-
-
Save aidando73/943b5f02d35571eb783f3cca5afa6e59 to your computer and use it in GitHub Desktop.
@ashwinb - Are we planning to support that endpoint long-term?
It seems the industry is moving away from it. E.g., OpenAI marked their completions api as legacy https://platform.openai.com/docs/api-reference/completions and Anthropic too: https://docs.anthropic.com/en/api/complete
I'm wondering if it's a good idea to move away from the endpoint as well while llama-stack is still early days.
Maintaining it for a long time + deprecating + remove might take a decent amount of bandwidth from us
Thanks for all your contributions @aidando73 -- we want to keep supporting completions at least for now because we believe having raw access to a model is as important.
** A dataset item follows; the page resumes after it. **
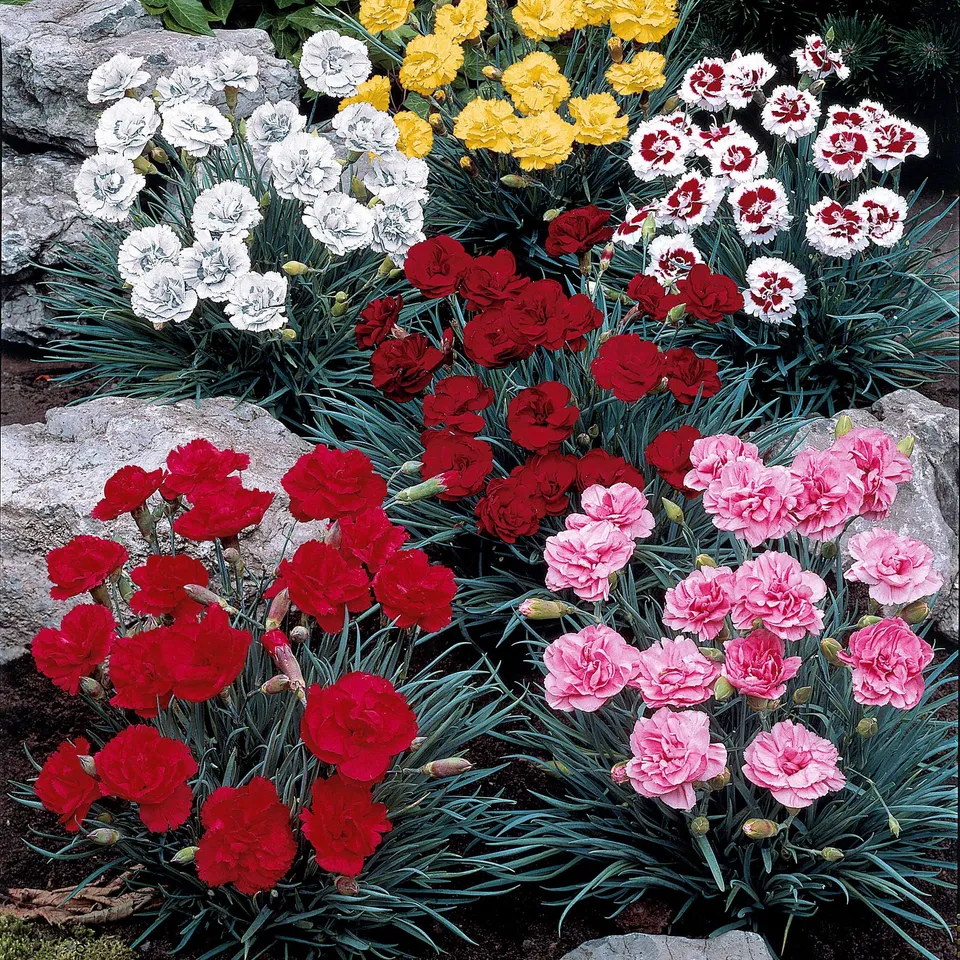 Bakker Terrasse 6 Oeillets mélange pots parfumés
Unlike other providers, Llamas are open source and people play with them and iterate in a variety of ways. The kinds of manipulations we do with a chat_completion endpoint internally may not be what users intend sometimes. Sometimes, they just want a carefully formatted prompt to hit the model directly.
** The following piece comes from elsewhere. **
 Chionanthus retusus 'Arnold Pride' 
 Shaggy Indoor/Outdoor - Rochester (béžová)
On that theme, I think it would be great if Groq could build completions endpoints on their end too. But until that time, NotImplementedError() would have to do.
As another example, I'm working on adding a Groq adapter atm, and they don't support completions https://console.groq.com/docs/api-reference#chat and there's a non-zero chance that they might just not implement it. So might need a workaround otherwise we're stuck with NotImplementedError() (can probably use a chat completion under the hood).